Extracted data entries
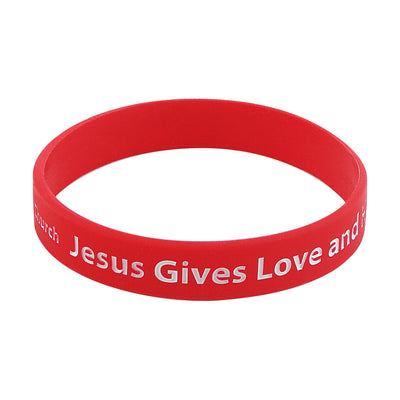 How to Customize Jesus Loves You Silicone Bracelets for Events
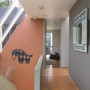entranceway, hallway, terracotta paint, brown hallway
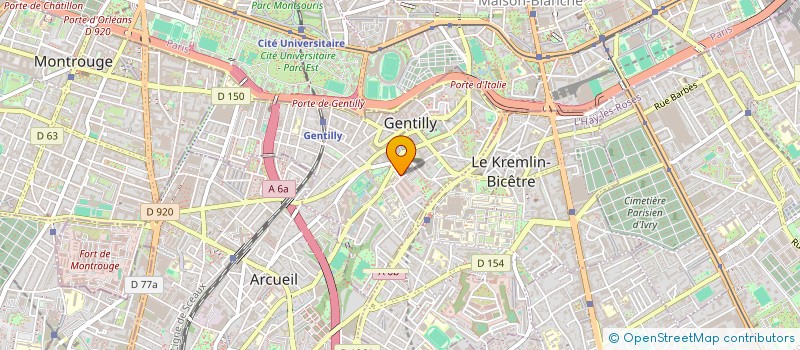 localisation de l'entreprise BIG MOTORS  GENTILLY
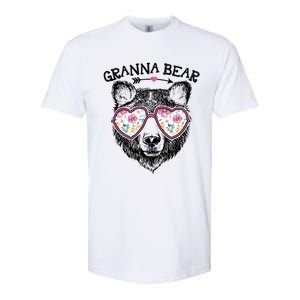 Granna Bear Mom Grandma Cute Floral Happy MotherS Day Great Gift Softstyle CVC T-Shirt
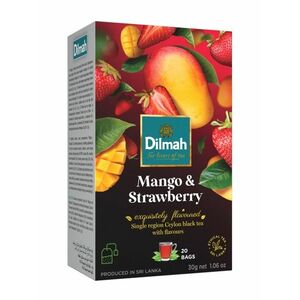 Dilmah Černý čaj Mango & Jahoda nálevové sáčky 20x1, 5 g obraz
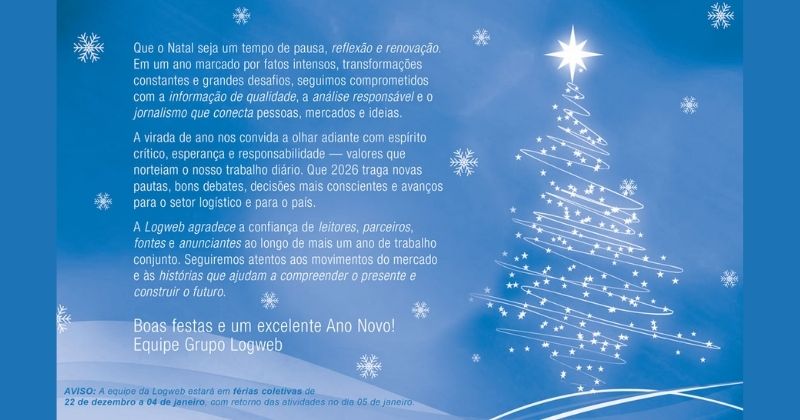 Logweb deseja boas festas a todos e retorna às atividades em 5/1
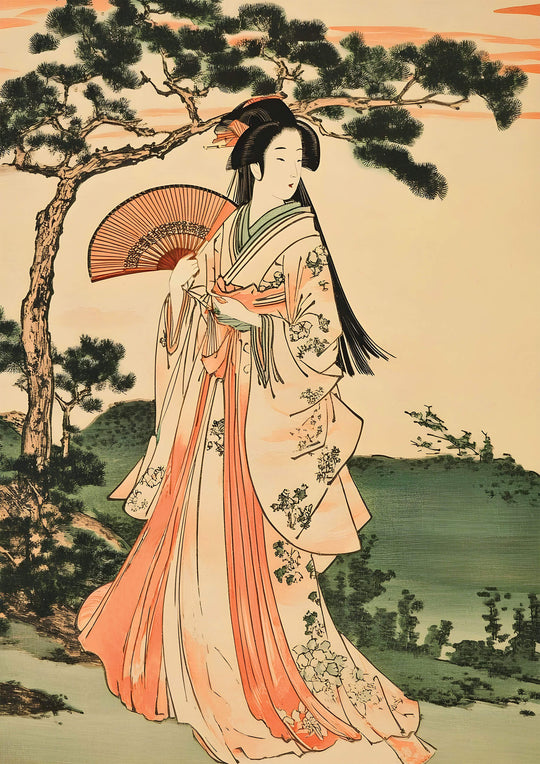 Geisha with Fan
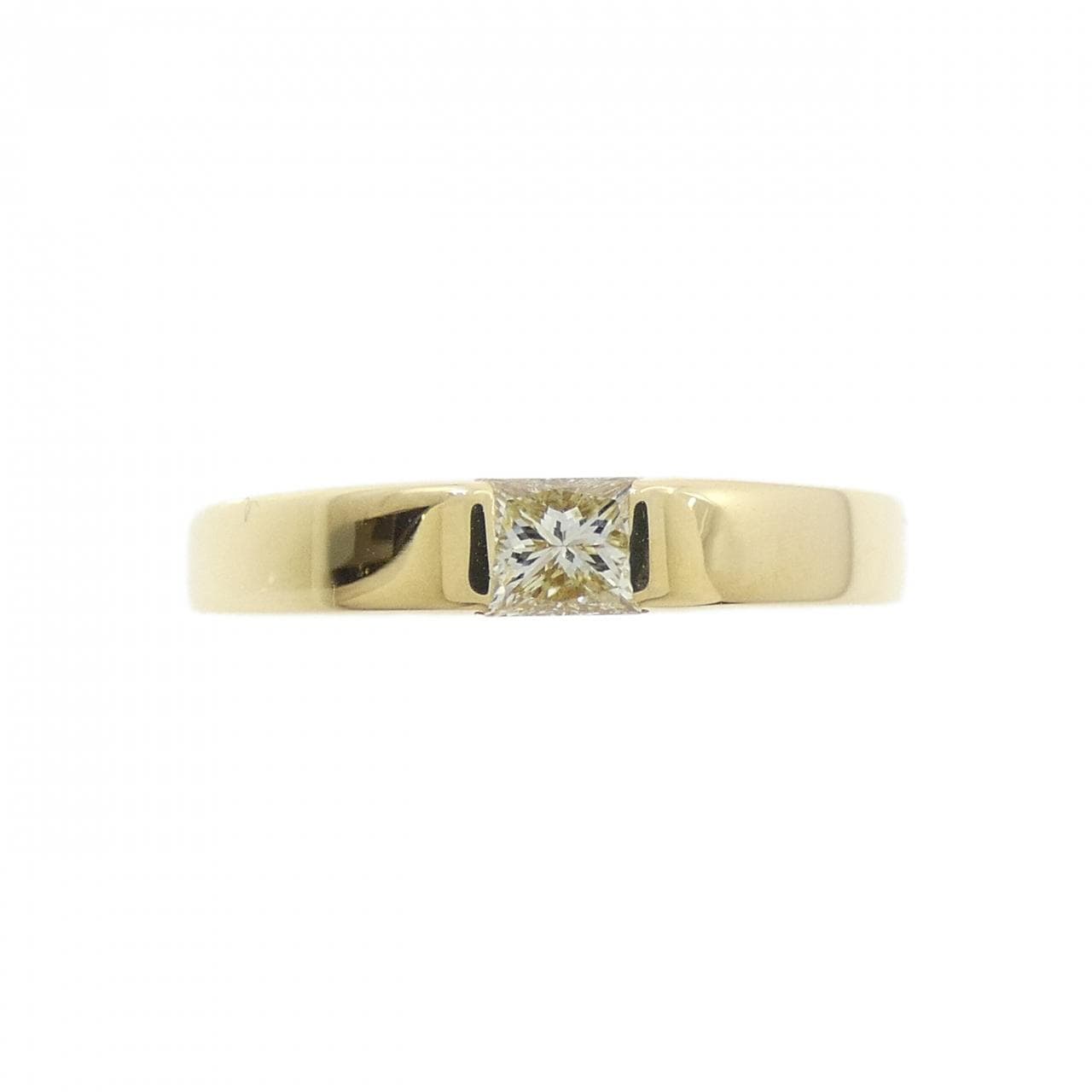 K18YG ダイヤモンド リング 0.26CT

» **Task**
Which lines run from the one that holds "Dilmah Černý čaj" to the final line of the records above? Return them exactly, and skip the pictures.

» **Exercise response**
 Dilmah Černý čaj Mango & Jahoda nálevové sáčky 20x1, 5 g obraz
 Logweb deseja boas festas a todos e retorna às atividades em 5/1
 Geisha with Fan
 K18YG ダイヤモンド リング 0.26CT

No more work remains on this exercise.